Sunday, June 21, 2009

DAY-22, HASSI MESSAOUD, ALGERIA, 20TH JUNE'09, 23.38 HRS

COLLEAGUE , FRIEND OR FOE…I DON'T KNOW…..??

"Oil and perfume rejoice the heart; so does the sweetness of a friend's counsel that comes from the heart." 

I landed on 22nd Feb'97 in UAE when I joined an Oman based co for carrying out its project in Dubai. After completion of this project got transferred to Oman for carrying out company's other project and In the course of my career, I made a friend who was my colleague, he was more than a brother to me, but as the time passing by I don't know what confusion took place between us or he get influenced by other co-worker and hence sabotage of our friendly relationship. Actually he was surrounded by lot of sub-ordinates and he may get influenced against me. I tried my best not to let the situation slide.

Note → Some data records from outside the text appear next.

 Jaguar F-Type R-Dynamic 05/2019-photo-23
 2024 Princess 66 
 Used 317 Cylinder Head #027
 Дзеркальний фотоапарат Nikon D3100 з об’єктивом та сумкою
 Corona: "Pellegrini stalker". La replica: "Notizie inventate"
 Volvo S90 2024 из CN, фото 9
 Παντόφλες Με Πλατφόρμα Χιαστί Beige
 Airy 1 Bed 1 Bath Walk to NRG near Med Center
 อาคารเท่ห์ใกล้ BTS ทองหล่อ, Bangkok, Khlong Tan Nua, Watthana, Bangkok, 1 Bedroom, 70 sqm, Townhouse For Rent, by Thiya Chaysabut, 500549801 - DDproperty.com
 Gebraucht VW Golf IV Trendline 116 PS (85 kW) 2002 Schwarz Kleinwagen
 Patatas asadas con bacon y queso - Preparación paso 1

At lot of instances I gave time to cool down. Not responded in the heat of the moment. Instead, waited until  situation become calm to start a discussion.

I Looked at the situation from every angle. What was my colleague's intentions? Did I played any role in the problem? Tried to analyse myself. Before confronting with him, tried to identify his motives, as well as any steps I could have taken to avoid the situation.

When a friend's counsel cuts through the confusion and unwinds the threads of heartache, anger, frustration and unrest, peace and order takes over.  Understanding prevails.  And even though the situation doesn't change, I change for the situation.  My mind is able to set itself upon a solution and my heart is able to rest in God's grace to get me through it.  Sometimes I just need affirmation; I just need to know that what I see in God's Word is what He intends for me to see.  I need validation; I need to know my actions are not simply self-serving, that my thoughts are pure. I want to deal with people with the same grace I've received from Him.  I want to stand strong in His righteousness without being pious or condemning.  I want to rest in His peace without warring in my soul.  I want to know what to avoid so I do not fall into temptation.

Any of you have gone through this kind of phase, if yes, then please share over here.